また、足裏を使う感覚が身に付けば膝や腰への負担も軽減されるため、楽に運動をすることができるようになるでしょう
浮き指の改善以外にも、さまざまな効果が期待できるためおすすめです。
③足指サポーターの装着
市販されている足指サポーターを利用するのも浮き指の改善につながります。
足指サポーターとは、写真のような物を指します。
指と指の間を広げて、地面との接地面を増やしてくれるため、足の指を使って歩く感覚を掴むのに有効です。
浮き指がひどく、普段から足腰の痛みに悩まされている人は、できるだけ着用しておくとかなりの効果が期待できるでしょう。
また、これと関連して鼻緒のある草履を履くこともおすすめです。
鼻緒の部分に力を入れて地面を掴もうとするため、通常のスリッパよりも足裏全体を使うことができます。
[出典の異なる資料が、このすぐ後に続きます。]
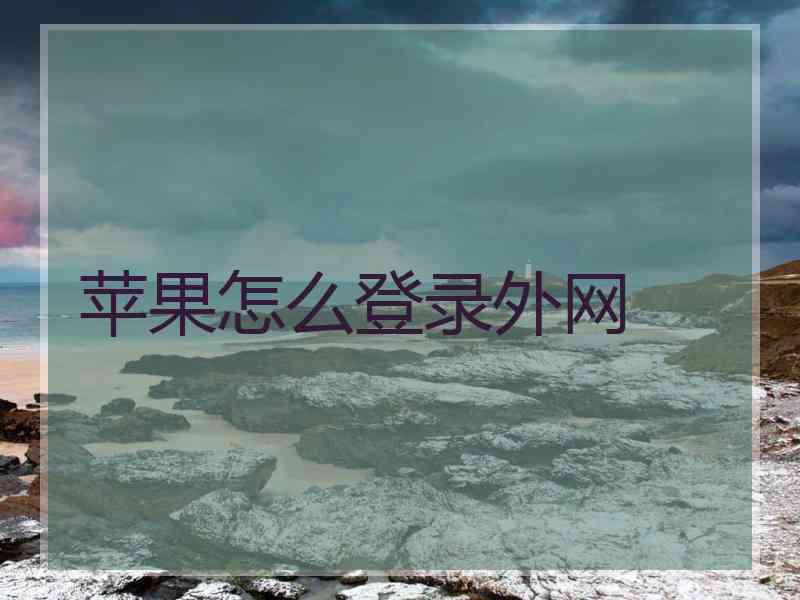苹果怎么登录外网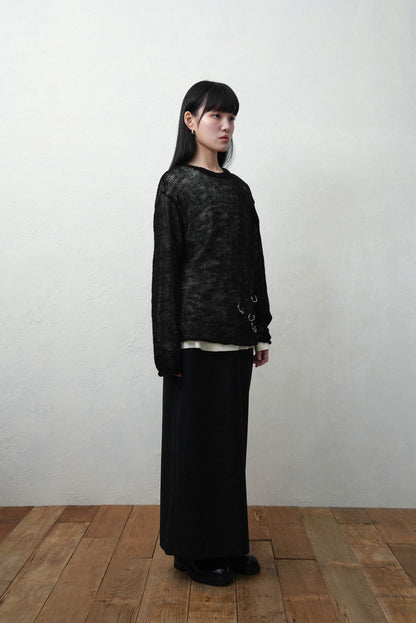 (Pre order) Double layered sweater in black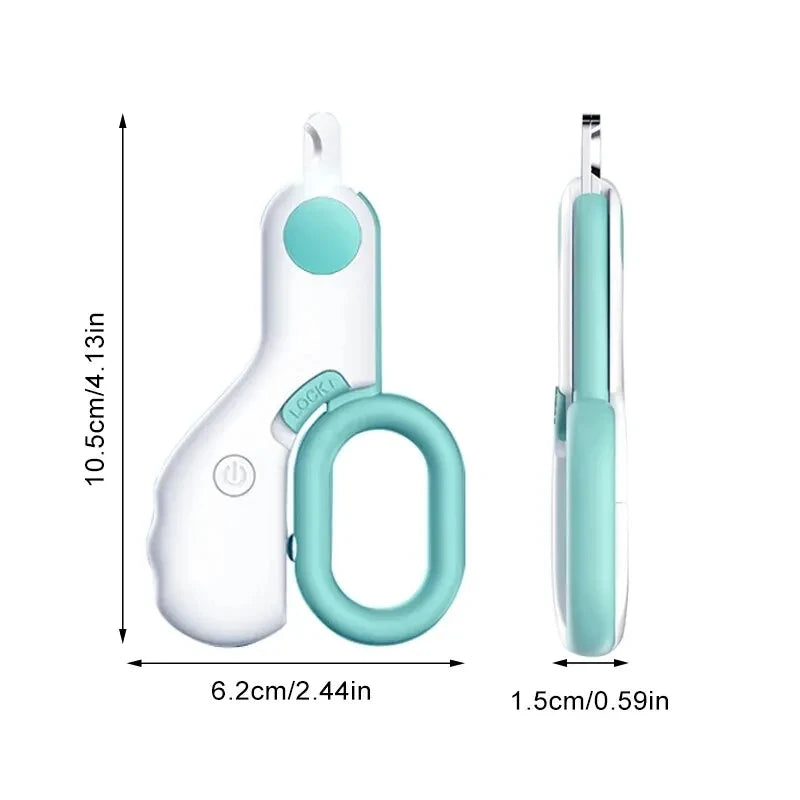 LED Dog Nail Clipper: Professional Claw Trimmer, Safety Lock.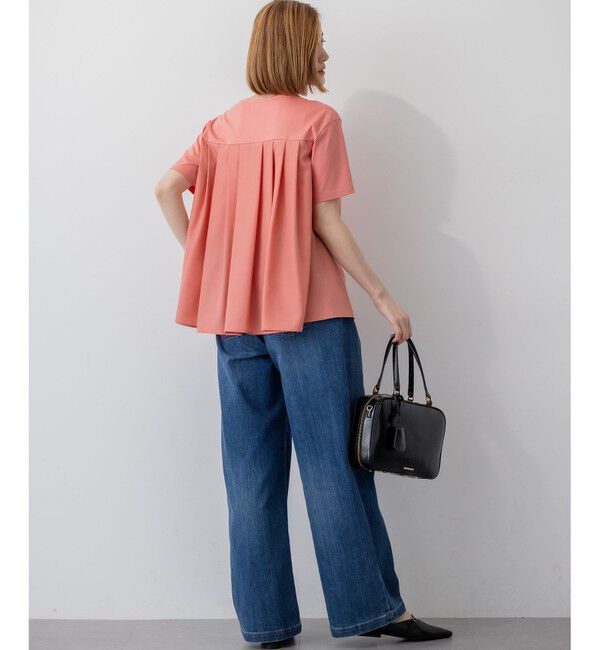 23区「【汗じみ防止/洗える】スムースデザイン バックフレア カットソー」|Tシャツ・カットソー|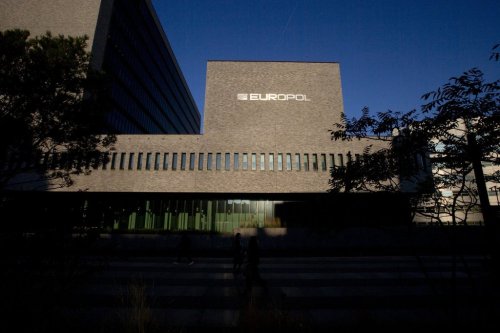 FILE- The Europol headquarters in The Hague, Netherlands, Wednesday, Oct. 10, 2018. (AP Photo/Peter Dejong, File)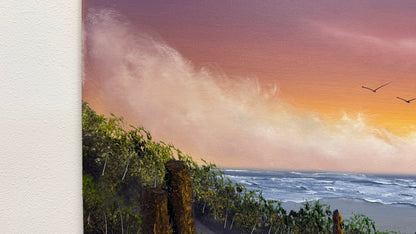 Painting #2537 - 16x20" Canvas - East Coast Surise Seascape painted 8-2-26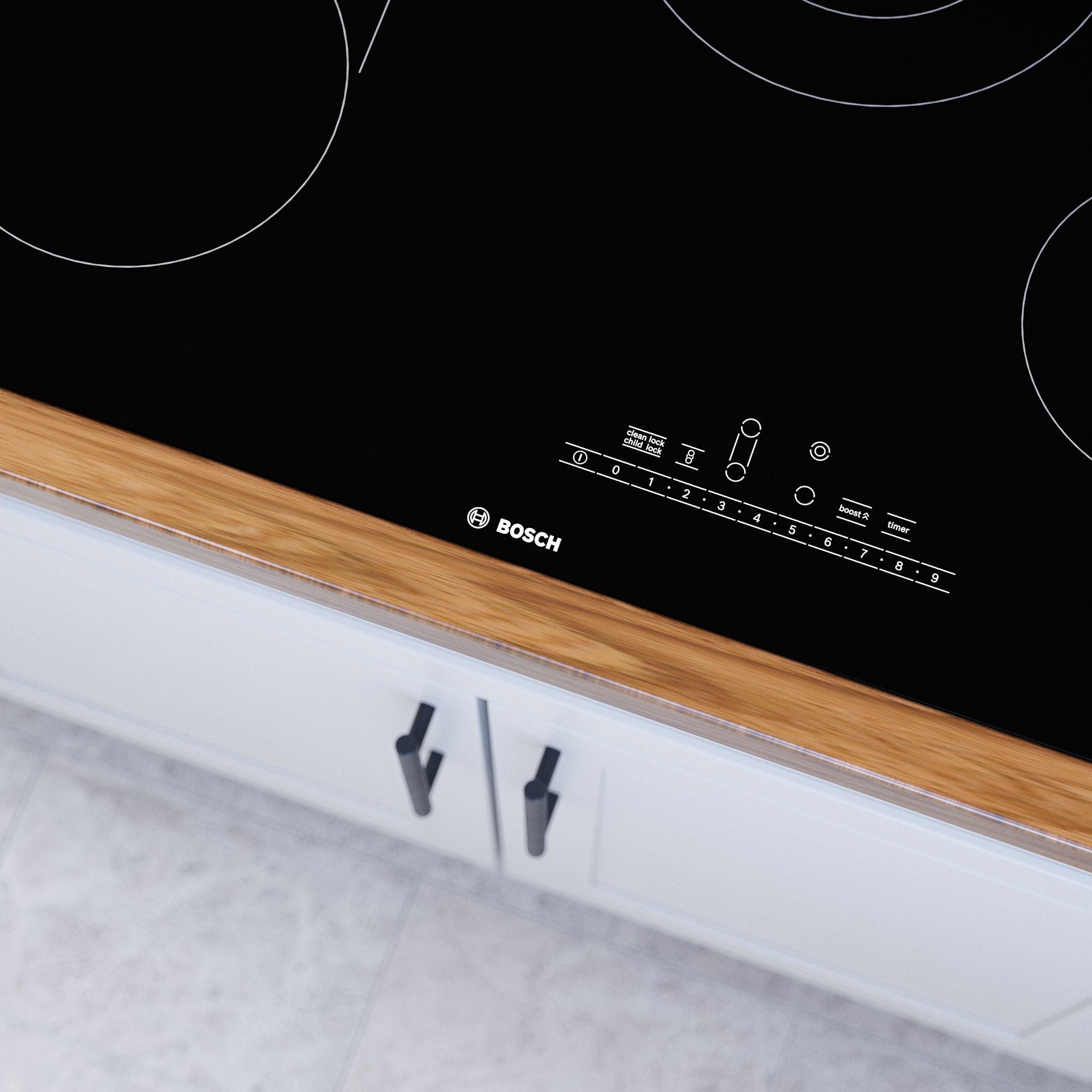Bosch 30-Inch Electric Cooktop - NET8069UC Black Glass Surface | Modern Kitchen Appliance for Home Cooking & Entertaining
しかし、これらは長時間の使用で痛みを伴う場合もありますので、自分の状態と相談しながら着用を考えましょう。
まとめ
今回は、「姿勢タイプと注意点、そして改善策となるトレーニング」、姿勢の悪さが招く「浮き指」について解説していきました。
私たちがあまり意識することのない姿勢ですが、注意深く観察すると実に奥が深いことが分かります。
しかし、残念ながら一般的にその重要性が認知されていないのが現状です。
私たちの生活のスタートポジションともいえる姿勢。
体調を左右する重要な要素の一つであることを自覚し、身体の歪みを無くせるように気を配ることを忘れないようにしましょう。
良い姿勢が当たり前になった時、その恩恵を味わうことができるはずです。